Meta AI and the Carnegie Mellon University (CMU) department of chemical engineering are collaborating to expedite green-energy catalyst discovery under the Open Catalyst Project. This is part of the effort in using machine learning to find catalysts in transforming renewable resources like solar and wind into other fuels such as hydrogen for clean energy usage and storage. They are working on collecting simulation results from density functional theory (DFT) from different materials and replacing DFTs with ML models for faster and better results. They open-sourced OC20 (October 2020), one of the world's largest training data sets for renewable energy storage for the first time. This dataset consists of 1,281,040 DFTs, with a wide range of materials, surfaces, and adsorbates as important features.
OER is one of the most important chemical reactions in hydrogen generation. It is used in many renewable energies like solar, wind and rechargeable metal-air batteries in electric cars. There is a limitation on the availability and the cost of metal oxides like ruthenium and iridium oxides as part of the usual process. This put high effort in finding low-cost catalysts for OER to make the process fast and economical.
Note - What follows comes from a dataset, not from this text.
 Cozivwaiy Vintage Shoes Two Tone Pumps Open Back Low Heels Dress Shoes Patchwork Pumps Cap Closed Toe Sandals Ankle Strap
The Meta AI blog mentioned this coming data set in their recent published post entitled Accelerating renewable energy with new data set for green hydrogen fuel:
The OER data set contains ~8M data points from 40K unique simulations. We believe it’s the largest data set for oxide catalysis to date, spanning a swath of oxide materials across 52 elements. It includes interactions between the surfaces of the oxide materials and five important molecules (O, OH, H2O, OOH, and O2) involved in OER, in addition to surface interactions with CO, H, C, and N. It also explores interactions on the surface when crystal defects and multiple molecules are present. The data set and baseline models will be open-sourced in the coming months to help the global scientific community advance renewable energy technologies.
Millions of compute hours are required to generate this data set. As part of Meta’s Net Zero program, Meta AI mentioned that the carbon emissions from computation used to build the data set would be 100 percent offset.
To foster and attract machine-learning engineers and researchers in this area, Meta AI and CMU organized a competition for the best ML models for catalyst selection problem last June. Meta AI selected the winners during the NeuralPS-2021 conference last December. They hope these efforts will accelerate better solutions for the green-energy catalyst discovery problem.